Startups with enough venture capital and solid government relationships, like True Anomaly, are leveraging this broader playing field of competitors and security threats to develop designs ahead of Pentagon acquisition. True Anomaly’s Jackal Autonomous Orbital Vehicle is one such spycraft looking for a place in the skies this March, when two prototypes will launch on a SpaceX Falcon 9 rocket rideshare.

All the flexibility that newer actors can bring to space is not built into US systems, though, which is why the Space Development Agency is still only at a proof-of-concept stage for the creation of the infrastructure necessary for its next era of satellite security. In a 2022 article for Air & Space Operations Review, “Space Force Culture”, William D. Sanders suggested that engineers will become dominant players in space conflict, but also noted that, to stake its claim in such a future, the US Space Force will have to overcome “ambivalent policies toward fielding counterspace technologies in light of worrisome advancements by China and Russia.”
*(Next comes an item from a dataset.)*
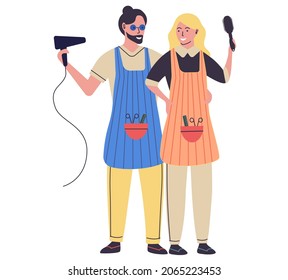 Professional male and female barber characters, smiling hairdressers stand together hug isolated on white. Hairdressing salon workers, hair studio service cartoon couple with hairdryer and comb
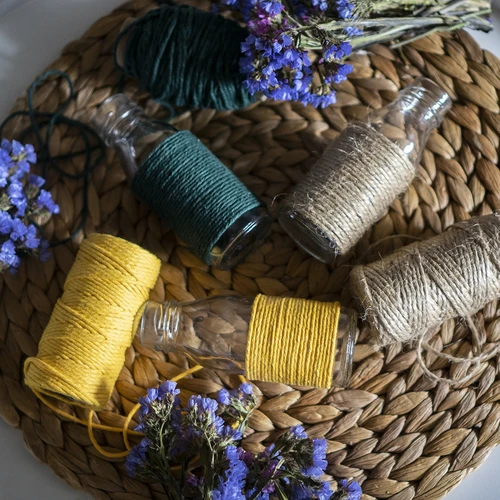 Gele katoenen koord 2 mm/55 m/100 g - 12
It’s in this delicate political realm, between an official desire to keep space peaceful and the need to respond to orbital threats in process, that recent nuclear panic like US Congressman Mike Turner’s call for declassified data now finds us.

Average citizens are not informed enough to understand the difference between literal nuclear payloads dropped from high orbit and nuclear-powered devices used to escalate electronic sabotage in the skies.

But we’re going to need this level of media, tech, and military literacy going forward, if we’re to set effective policy for the difficult space race already upon us now.